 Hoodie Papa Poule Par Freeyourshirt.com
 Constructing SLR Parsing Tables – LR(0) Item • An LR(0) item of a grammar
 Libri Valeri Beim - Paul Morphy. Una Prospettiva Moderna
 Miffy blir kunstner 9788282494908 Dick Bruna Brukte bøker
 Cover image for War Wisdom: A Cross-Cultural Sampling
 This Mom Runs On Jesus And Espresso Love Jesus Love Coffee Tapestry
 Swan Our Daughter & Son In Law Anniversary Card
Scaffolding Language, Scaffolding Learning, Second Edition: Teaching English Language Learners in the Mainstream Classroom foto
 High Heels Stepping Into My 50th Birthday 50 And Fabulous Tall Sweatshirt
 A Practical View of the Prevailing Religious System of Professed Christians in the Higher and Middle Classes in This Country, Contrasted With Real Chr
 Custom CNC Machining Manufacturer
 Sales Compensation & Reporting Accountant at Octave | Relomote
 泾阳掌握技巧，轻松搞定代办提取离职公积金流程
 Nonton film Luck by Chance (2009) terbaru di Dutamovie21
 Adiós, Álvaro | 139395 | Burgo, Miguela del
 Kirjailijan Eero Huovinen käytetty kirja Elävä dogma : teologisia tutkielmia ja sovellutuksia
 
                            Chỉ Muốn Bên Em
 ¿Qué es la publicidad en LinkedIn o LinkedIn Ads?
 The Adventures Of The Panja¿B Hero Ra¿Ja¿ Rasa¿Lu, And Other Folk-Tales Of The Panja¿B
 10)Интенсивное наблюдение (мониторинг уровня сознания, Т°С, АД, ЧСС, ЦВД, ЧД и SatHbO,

WORK ITEM
Go through the listing above and report how many of its lines contain the word "This", with only the number as output.

WRITTEN SOLUTION
2